During President Clinton’s 1992 presidential campaign, he popularized the phrase “It’s the economy, stupid.”

The point of this phrase was to emphasize that, all of the irrelevant, marginal issues aside, the performance of the economy is the central engine that drives everything else, especially politics.

I think a similar wake up call might benefit those who are concerned about inequality, poverty and social injustice.

It’s not poor education that primarily causes these social ills. It’s not low taxes that primarily causes them either. It’s the wages, stupid.

In the past 15 years, the percentage of national income paid to the bottom 80 percent of wage earners has decreased 9.5 percent.

In the same time period, the percentage of national income being paid to the top 1 percent of Americans has increased by 8.5 percent.

Additionally, the latest census found that the income gap between the rich and the poor is the highest ever recorded. Perhaps contributing to this fact, in the last 40 years, the minimum wage when adjusted for inflation has declined by more than 28 percent.

The poor are getting poorer, their wages are declining and inequality is increasing.

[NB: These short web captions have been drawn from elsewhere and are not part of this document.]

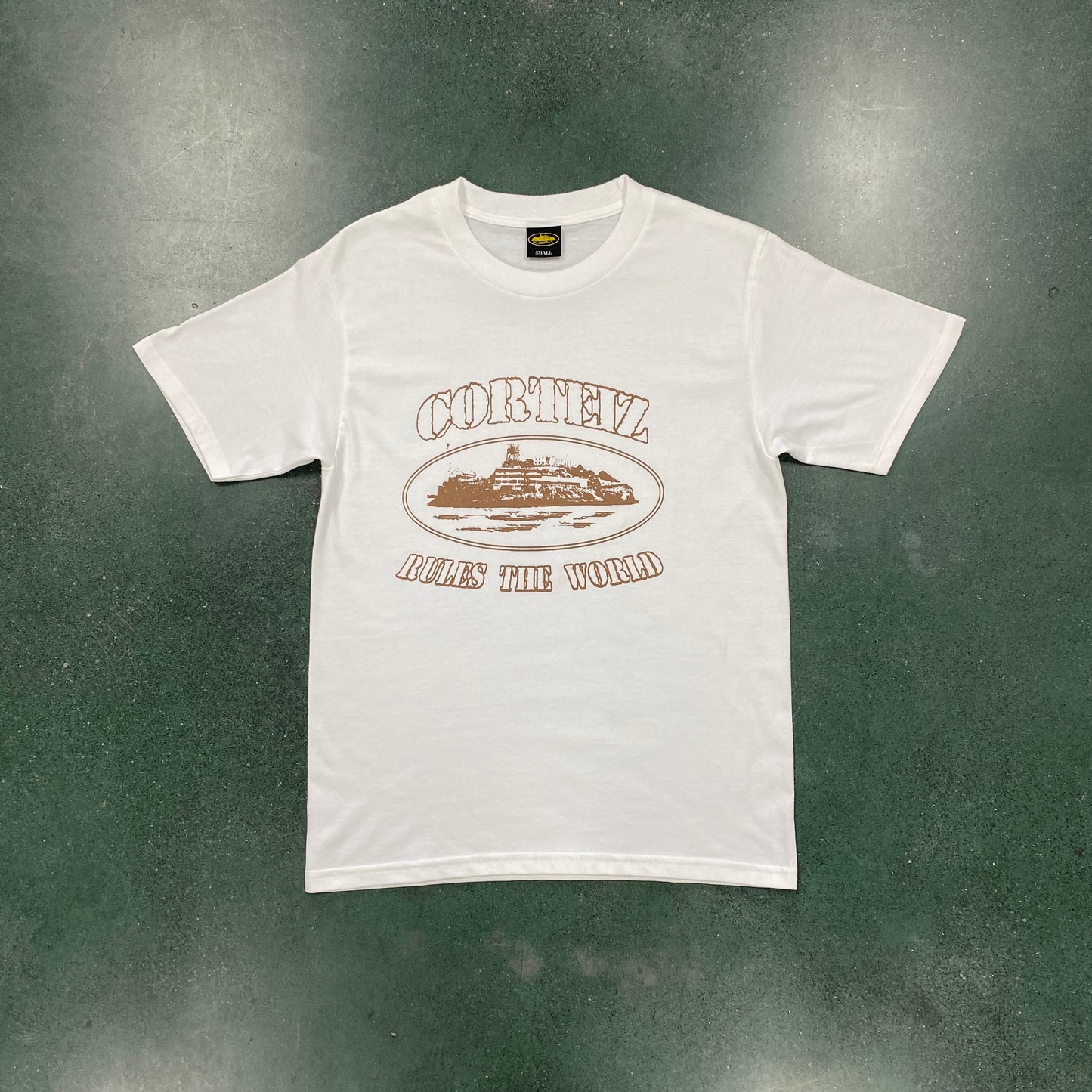 T-Shirt Corteiz The World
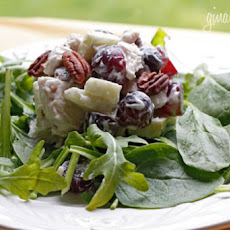 Skinny Chicken Waldorf Salad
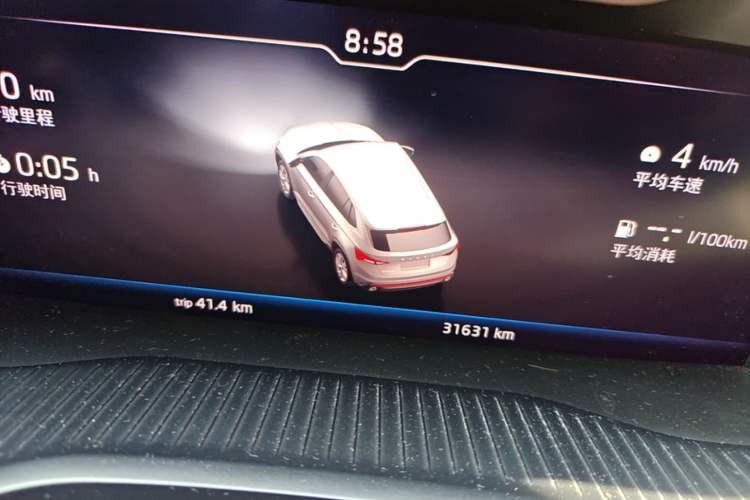 Used Skoda Kodiaq GT 2019 TSI380 4x4 Flagship Model China VI Standard Instrument Cluster
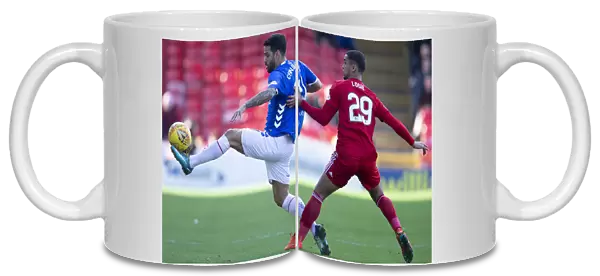 Clash at Pittodrie: Rangers vs Aberdeen - Scottish Cup Quarter-Final: Candeias vs Lowe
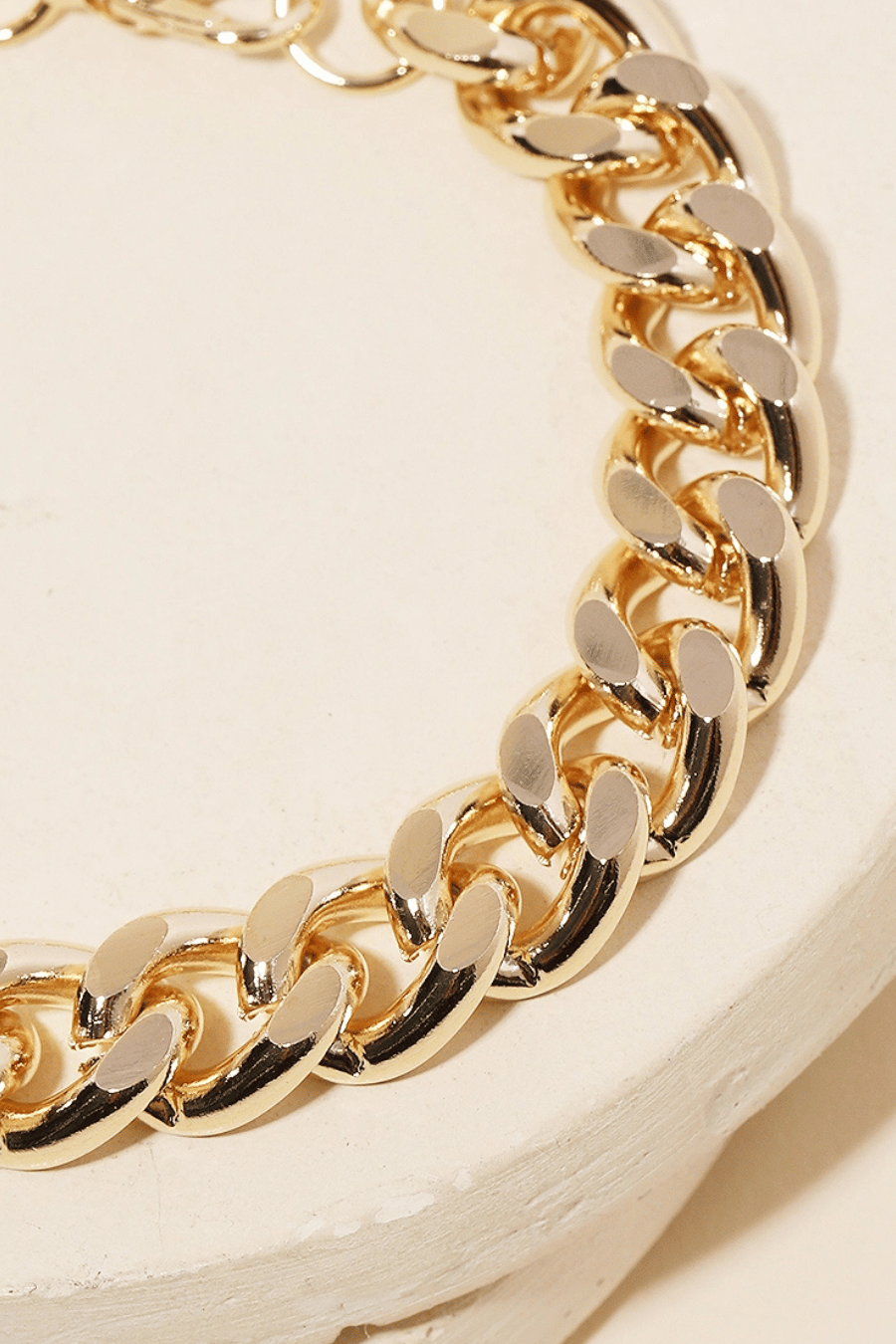 The Nova Curb Chain Bracelet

This creates a whole cocktail of problems that most are probably familiar with by now.

Poverty often leads to addiction, crime and violence, as well as low and unstable standards of living.

Beyond that, rising inequality in income negatively impacts social programs funded through regressive taxes, such as Social Security.

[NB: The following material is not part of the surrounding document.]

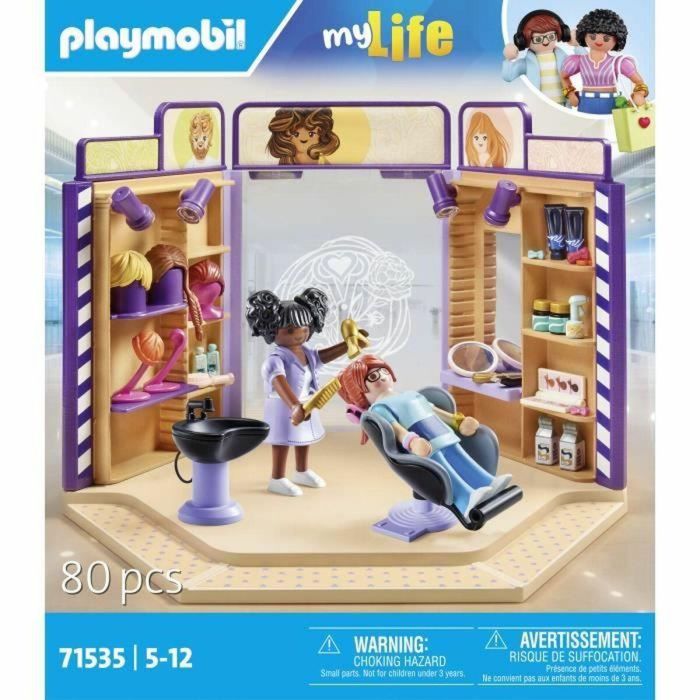 PLAYMOBIL 71535 Peluquería 1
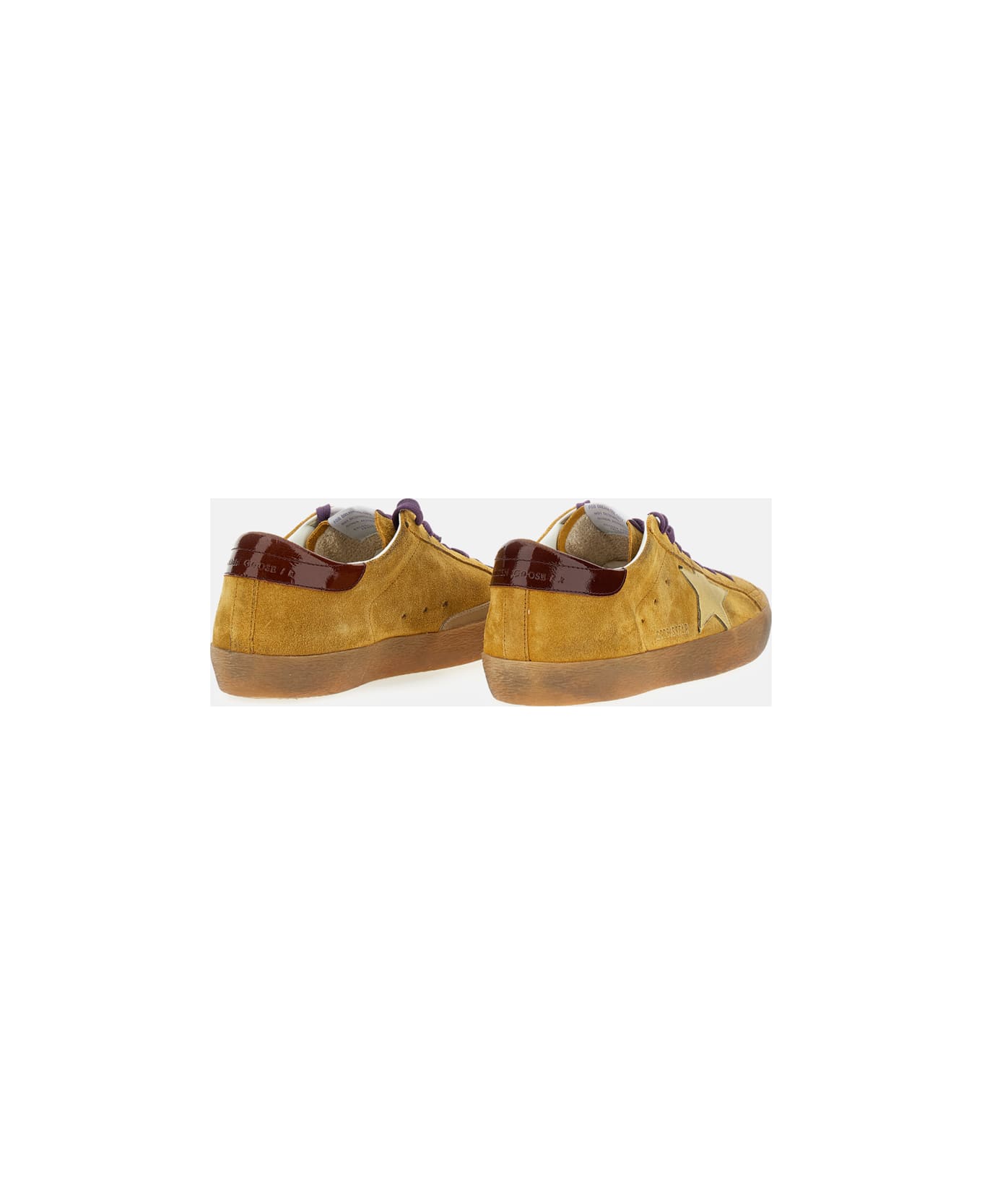 Golden Goose Super-star Sneakers - Brown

The recent Social Security Trustees’ Report provided data that showed rising income inequality has caused nearly half of the projected Social Security shortfall.

So, we know inequality and poverty are increasing, but what does anybody propose to do about it? This is where the real disappointment begins.

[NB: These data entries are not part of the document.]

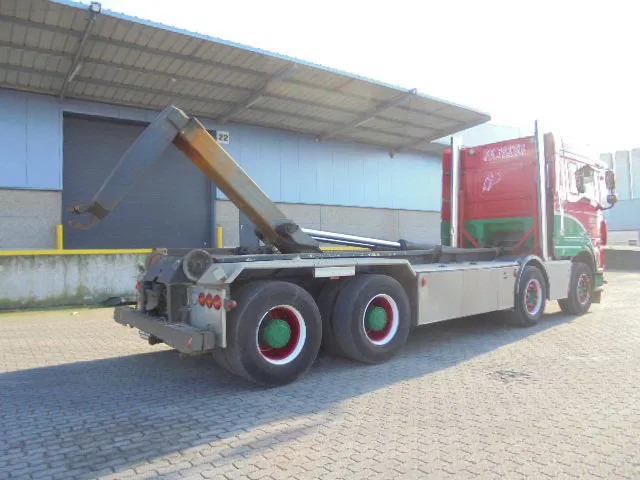 DAF XF 105 410 FAD 8X4 STEEL SUSPENSION - 吊钩升降车:图4 DAF XF 105 410 FAD 8X4 STEEL SUSPENSION - 吊钩升降车:图4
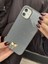 iPhone 11 Uyumlu Elmas Pırlanta Taşlı Gri Kılıf 3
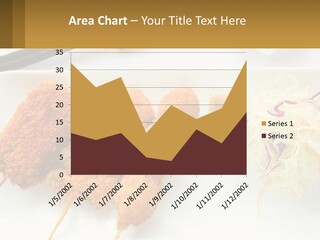 Gourmet Pork Plate PowerPoint Template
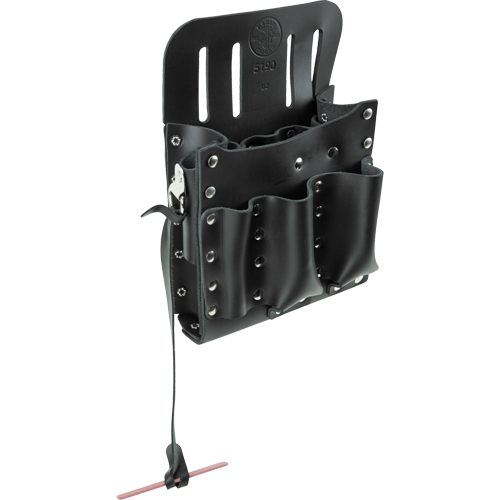 Porte-outils, Porte-outil multiple, Cuir, 10 Poches Rideout Tool & Machine Inc.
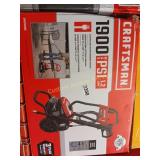 CRAFTSMAN 1900PSI PRESSURE WASHER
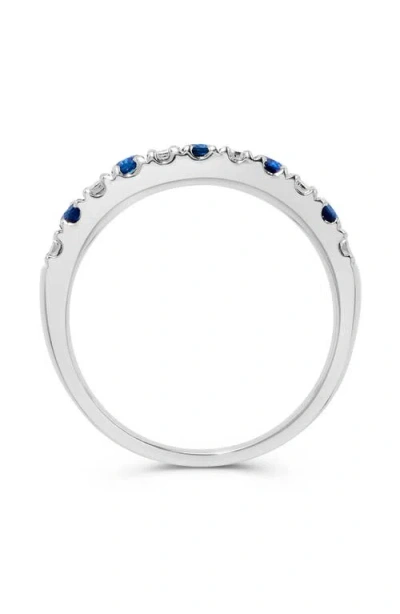 H.j. Namdar Diamond & Stone Stackable Ring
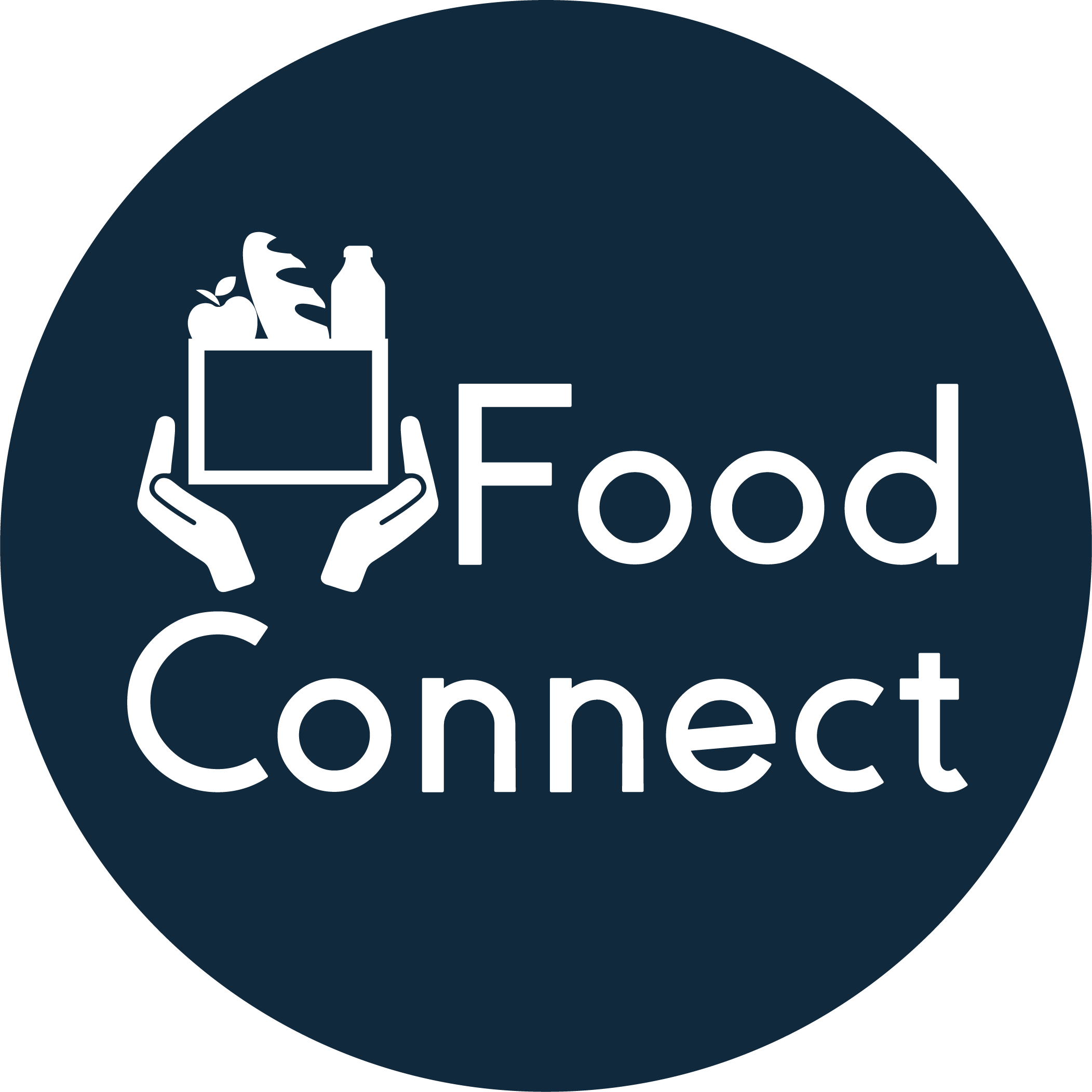 Logo for "FOOD CONNECT CO"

College students, even some attending this university, are often among the group of people that pretend to care about these issues, and think that something should be done about them. But what most of them end up doing in response is pointless at best.

Take Teach for America for example. College students from across the country sign up to waste their time for two years making fruitless attempts at closing the education gap. I say fruitless because the program makes no effort to actually solve the problem.

We know that schools in low-income communities are underfunded because the tax base of the area is poor. We know that students from low-income families have a harder time excelling in school due to unstable households, neighborhood effects and other poverty-related causes.

The cause of the education gap then is not largely bad instructors in the schools. It is not because the school does not have enough charitable 22-year-old teachers right out of college. It’s the wages, stupid.

If we improve the wages of the poor parents, we increase taxable income in poor areas and we decrease poverty-related distractions.

This approach would not just help improve the education of those living in poor areas and households, but would also likely contribute to solving other problems caused by poverty as well.

That’s right: reducing poverty might actually be a good way to solve poverty-related problems.

While that seems obvious enough, you would not be able to tell by the droves of students dedicating themselves to programs like Teach for America that encourages people to sloppily contend with the consequences of poverty instead of working to eradicate poverty itself.

If people are really serious about combating poverty, inequality and social injustice, then they need to keep wages a top priority.

Work on a living wage campaign or help organize a union and address the root problem.